Assumptions and Delay Calculations: Delay metrics were based on total patients and breach counts provided in the RTT datasets. Complexities like patient prioritization, emergency admissions, or multiple referrals could not be modeled.
Clustering Constraints: Hierarchical clustering was applied on a trust-level summary dataset (~112 trusts), not on individual patient records (~2 million rows), due to computational practicality and the need for interpretability.

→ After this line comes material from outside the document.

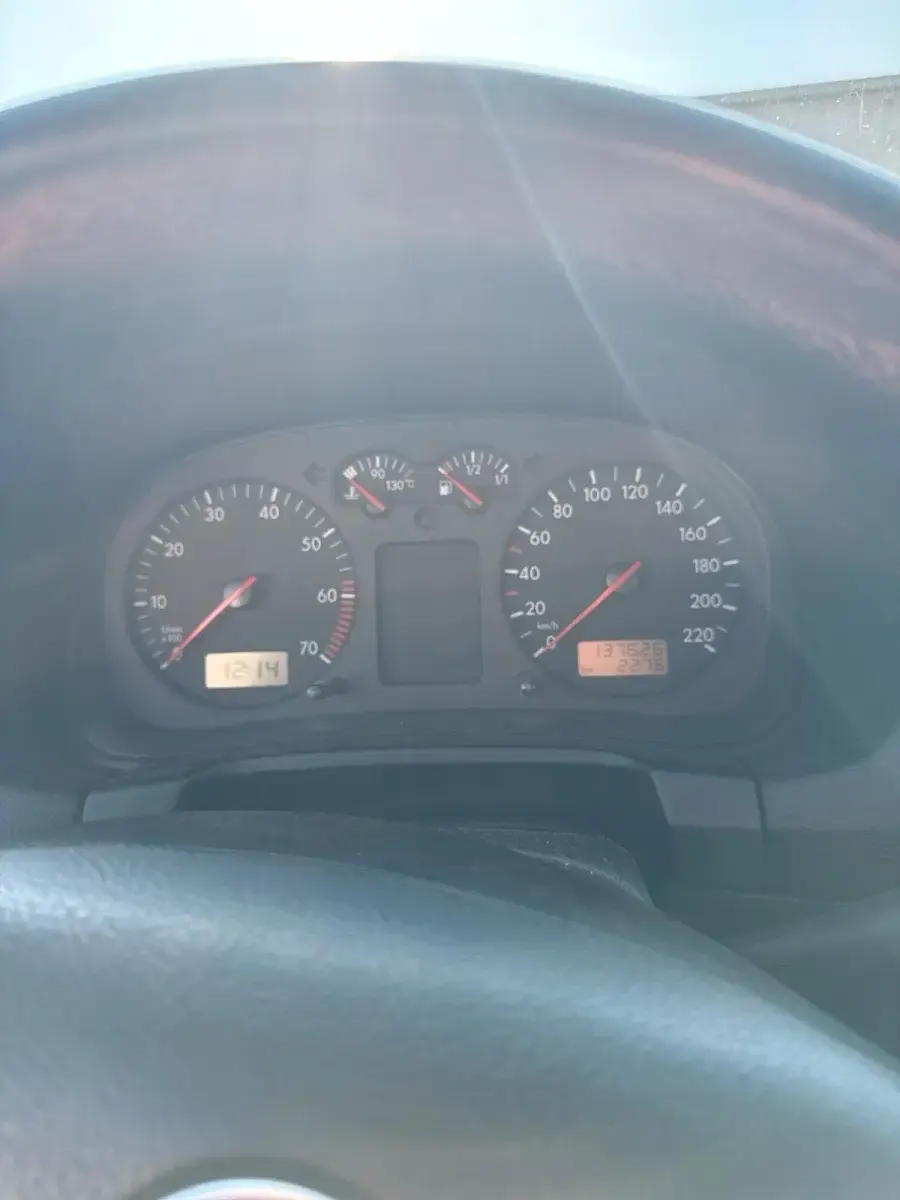 Gebraucht VW Golf 75 PS (55 kW) 1998 Blau Coupé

As a result, cluster boundaries are indicative and should be interpreted qualitatively rather than rigidly.
Typology Generalization: The typology categories (e.g., “Large Trusts Managing Backlogs Steadily”) were created to assist in interpretation and strategic thinking, but trusts within the same typology may still differ significantly based on local factors.
Data Reporting Variations: Some trusts had missing or inconsistent reporting in the monthly RTT data, meaning their inclusion in summary analyses reflects only available submissions.
These considerations are important when applying the findings in real-world NHS operational contexts.
This project explored patterns of RTT delay across NHS acute trusts through trend analysis, backlog characterization, clustering, and typology development. The findings reveal significant trust-level variations and highlight the need for tailored operational strategies rather than generalized policies.
Both clustering results and volume-delay typologies offer structured frameworks to identify areas needing attention, supporting targeted improvements and better backlog management across the NHS.